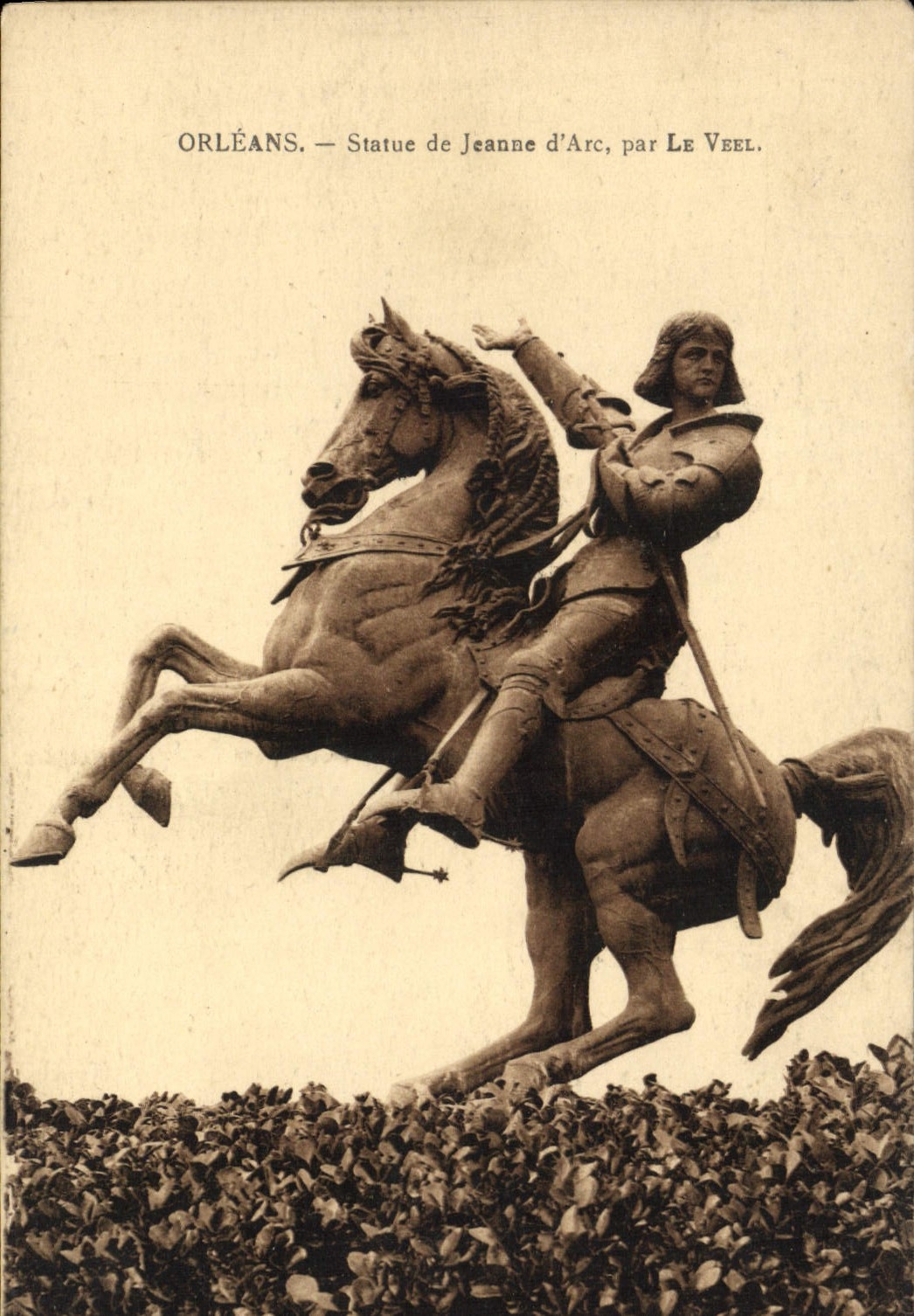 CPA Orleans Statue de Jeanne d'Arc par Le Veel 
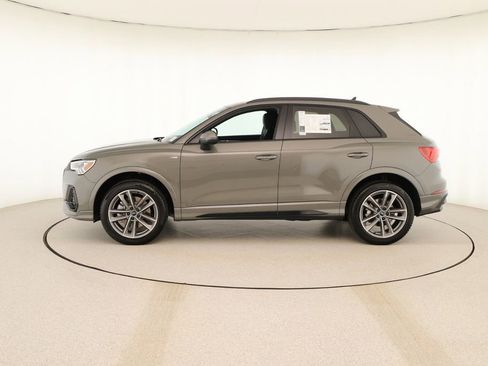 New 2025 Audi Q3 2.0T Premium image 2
...
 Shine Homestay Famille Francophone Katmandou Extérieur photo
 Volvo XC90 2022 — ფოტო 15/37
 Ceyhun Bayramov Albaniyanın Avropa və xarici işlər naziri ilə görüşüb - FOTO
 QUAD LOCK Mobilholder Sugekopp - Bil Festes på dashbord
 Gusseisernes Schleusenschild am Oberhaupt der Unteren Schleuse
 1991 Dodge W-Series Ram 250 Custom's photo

Activity:
Find the word "photo" in the entries, and copy every line it shows up in.

Task output:
 Shine Homestay Famille Francophone Katmandou Extérieur photo
 1991 Dodge W-Series Ram 250 Custom's photo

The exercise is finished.